The library is named in honor of Jean Outland Chrysler, wife of Walter P. Chrysler Jr. The collection is based on the original holdings of the Norfolk Museum of Arts and Sciences library. In 1977, the library of the London art dealer M. Knoedler & Co. was purchased, adding major historical reference volumes, periodicals, and rare annotated sales catalogues. The library also houses the museum's archives, which includes the original copy of Mark Twain's speech he delivered at the Jamestown Tricentennial Exposition of 1907 and a collection of papers from the Moses Myers family.

The Jean Outland Chrysler Library moved to a building on the campus of Old Dominion University in 2014; however, the public can still access the reading room at the Chrysler Museum of Art.

===Moses Myers House===

The Moses Myers House in downtown Norfolk is an example of Federal period architecture and retains 70 percent of its original contents. The house and its furnishings allow visitors to experience first-hand the life of a prosperous Jewish merchant and his family during the early 19th century. Moses Myers moved to Norfolk in 1787 with his wife Eliza. Five years later, he purchased a large lot where he erected a home for his family. Today the house contains an important collection of American, English and French furniture, glass, silver, ceramics, and portraits by Gilbert Stuart, Thomas Sully, and John Wesley Jarvis. All were commissioned or acquired by members of the Myers family.
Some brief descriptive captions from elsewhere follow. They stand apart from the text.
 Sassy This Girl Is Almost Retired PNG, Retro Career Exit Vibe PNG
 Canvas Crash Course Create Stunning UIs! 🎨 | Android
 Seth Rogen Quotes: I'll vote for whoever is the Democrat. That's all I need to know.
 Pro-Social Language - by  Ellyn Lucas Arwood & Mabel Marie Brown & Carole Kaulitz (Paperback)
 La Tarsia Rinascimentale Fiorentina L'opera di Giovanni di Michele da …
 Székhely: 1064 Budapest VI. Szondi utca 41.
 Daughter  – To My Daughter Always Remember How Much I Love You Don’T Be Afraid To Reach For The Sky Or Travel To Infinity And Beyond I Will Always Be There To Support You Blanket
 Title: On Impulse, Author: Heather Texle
The house was built about 1792 and is a two-story, Federal style brick townhouse. Its facade features a pedimented gable end roof and a small aedicula type portico surrounding the front door. In 1796, a two-story octagonal ended wing attributed to Benjamin H. Latrobe was added to the rear of the house to contain a large dining room. Also on the rear are a two-story service wing and an attached two-story kitchen. A historic renovation of the house occurred in 1906 in anticipation of the Jamestown Exposition. The house was converted to a house museum in 1931.

Beginning in 1960, the house was completely renovated to restore it to a more historical appearance. Victorian additions and modifications were removed, and structural repairs were made to the first floor joists. The interior rooms were remade to return them to a more historically accurate color scheme, and a Ludowici clay tile roof was installed to match the appearance of the building's original wood shingle roof.

It was listed on the National Register of Historic Places in 1970, with an amendment made in 2009.

In October 2022, the council of City of Norfolk, which owns the property, voted to proceed with the possibility of selling it, conjecturing the entirety of the property—the main house, the attached dwelling of the Myers’ enslaved servants, and the historic garden—could be sold as part of a package to developers, perhaps to operate as a bed and breakfast. Multiple entities, including the Norfolk Historical Society, have expressed distress and outrage.

===Norfolk History Museum at the Willoughby-Baylor House===

The Chrysler Museum of Art previously oversaw the Norfolk History Museum at the Willoughby-Baylor House (ca. 1794); however the museum no longer manages that property which has been closed since 2020.
It illuminated the history of the region by providing thematic offerings and surveys including the decorative arts of Norfolk, stages in Norfolk's story as an international port and maritime center, and the area's naval and military heritage.